Paper Structure (19 sections, 5 equations, 4 figures)

This paper contains 19 sections, 5 equations, 4 figures.

Figures (4)

  • Figure 1: General architecture of the logarithmic Bayesian machine.a Optical microscopy image of the die of the fabricated machine. b Electron microscopy image of a memristor integrated in the CMOS backend of line of our process. c Photograph of the logarithmic Bayesian machine test setup. d Simplified schematic of the implemented logarithmic Bayesian machine. All log-probabilities are coded as eight-bit integers, following eq. \ref{['eq:entier']}.
  • Figure 2: Experimental implementation of sleep stage classification throughout the night.a Inputs and and outputs of the logarithmic Bayesian machine used for sleep stage classification. b Bayesian network model implemented on the logarithmic Bayesian machine used for sleep stage classification. c Experimentally measured test accuracy of the logarithmic Bayesian machine, averaged over 1000 five-second segments. The measurement was repeated for various supply voltages VDD.
  • Figure 3: Benchmarking the accuracy and the energy consumption of the stochastic and logarithmic Bayesian machines.a,b Accuracy of the stochastic machine on a gesture recognition and b sleep stage classification, as a function of number of clock cycles, using the conventional stochastic computing or the power conscious approach. The accuracy of the logarithmic machine (one clock cycle) is plotted as a reference. Error bars are defined in the Methods section. c,d Energy consumption as a function of accuracy for c gesture recognition and d sleep stage classification, using all approaches considered in a,b. This Figure is obtained associating several simulation methodologies (see Methods).
  • Figure 4: Resilience of the stochastic and logarithmic Bayesian machine to memristor bit error rate.

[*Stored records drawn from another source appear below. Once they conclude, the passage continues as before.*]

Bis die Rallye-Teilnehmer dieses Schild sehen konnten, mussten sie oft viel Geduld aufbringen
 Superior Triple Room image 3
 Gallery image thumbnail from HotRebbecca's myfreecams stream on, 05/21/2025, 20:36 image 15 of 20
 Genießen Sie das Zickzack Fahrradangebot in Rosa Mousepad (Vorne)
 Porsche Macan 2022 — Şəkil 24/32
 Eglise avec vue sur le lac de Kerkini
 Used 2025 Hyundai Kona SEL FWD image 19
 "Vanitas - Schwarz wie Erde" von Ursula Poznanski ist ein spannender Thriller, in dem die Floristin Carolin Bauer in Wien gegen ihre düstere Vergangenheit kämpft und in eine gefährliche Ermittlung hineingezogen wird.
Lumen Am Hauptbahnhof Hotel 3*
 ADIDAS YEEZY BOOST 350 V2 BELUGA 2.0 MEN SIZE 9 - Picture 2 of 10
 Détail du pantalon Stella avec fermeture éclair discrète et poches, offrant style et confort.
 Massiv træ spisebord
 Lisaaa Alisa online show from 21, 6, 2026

Accuracy of the stochastic (using conventional and power-conscious computation) and logarithmic Bayesian machines as a function of the memristor bit error rates, for a gesture recognition and b sleep stage classification tasks. This Figure is obtained using Monte Carlo simulation (see Methods). Error bars/shadows represent one standard deviation when repeating the simulation with different memory errors. Stochastic computing simulations in a use 100 cycles, and in b 4096 cycles.